By | November 7, 2011

Astute readers of last Tuesday’s post might have noticed a thin green line running through my WIP:

see it?

That’s a lifeline, a bit of waste yarn run through every stitch on a single row. If I make a disastrous goof, I can unravel back to that row, slip the stitches from the waste yarn back to my needles, and start over. It’s the knitterly equivalent of hitting the “Save” button every 5 minutes when typing in a long document: if something goes wrong, you’ve only lost at most 5 minutes’ work.

I don’t often use lifelines. Part of it is laziness – who wants to bother installing lifelines? Who wants to interrupt their knitting fun for that kind of tedium? And part of it is hubris – hey, I know how to fix mistakes without ripping back, right? And even if I did need to rip back, I know I could do it, even without a lifeline – I might not like it, but I could do it.

But for this project… well, so far I’ve opted for the added peace of mind that lifelines offer. Each time I complete a 32-row repeat, I check my stitches, then I pull out the old lifeline and re-insert it through all the stitches of the current row. On the next row, I ignore the lifeline as best as possible.

easiest if you slide the tapestry needle along the slender portion of a circular needle

Why? A bit of nupp paranoia, I think. Don’t get me wrong: as I said before, unlike some knitters I don’t mind working nupps. But early on in this project, on a couple nupps I missed a loop or two when working p5tog. It wasn’t until a row or two later that I noticed the loose loop of yarn dangling in the breeze. Given the way nupps are constructed, nothing would’ve unraveled – it wasn’t like I’d dropped a stitch – but that excess yarn would’ve eventually wiggled its way around, creating an unattractive looseness in the nupp and its surrounding stitches. So I dropped back the offending stitches and reknit them – a somewhat fiddly affair, as you can imagine.

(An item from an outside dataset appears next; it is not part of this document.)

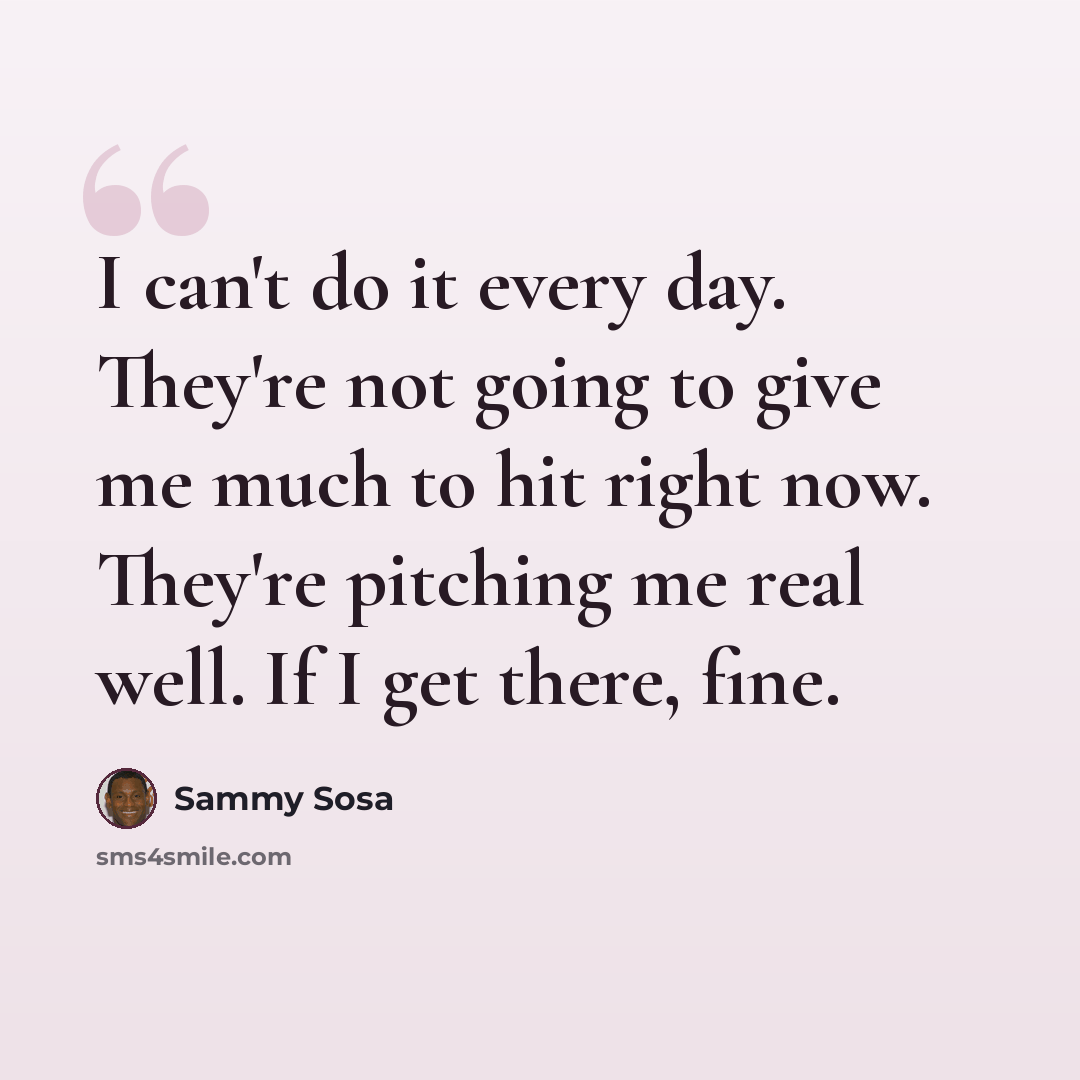 “I can't do it every day. They're not going to give me much to hit right now. They're pitching me real well. If I get there, fine.” quote by Sammy Sosa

Hence the lifeline. With more nupping practice under my belt, and close attention to my p5togs, I haven’t had any dangling loops for a while… but I’m not taking my chances. If I discover a malformed nupp several rows down, I want the option of ripping back to a lifeline. It all boils down to choosing your poison: the tedium of installing lifelines, or the fiddliness of repairing nupps?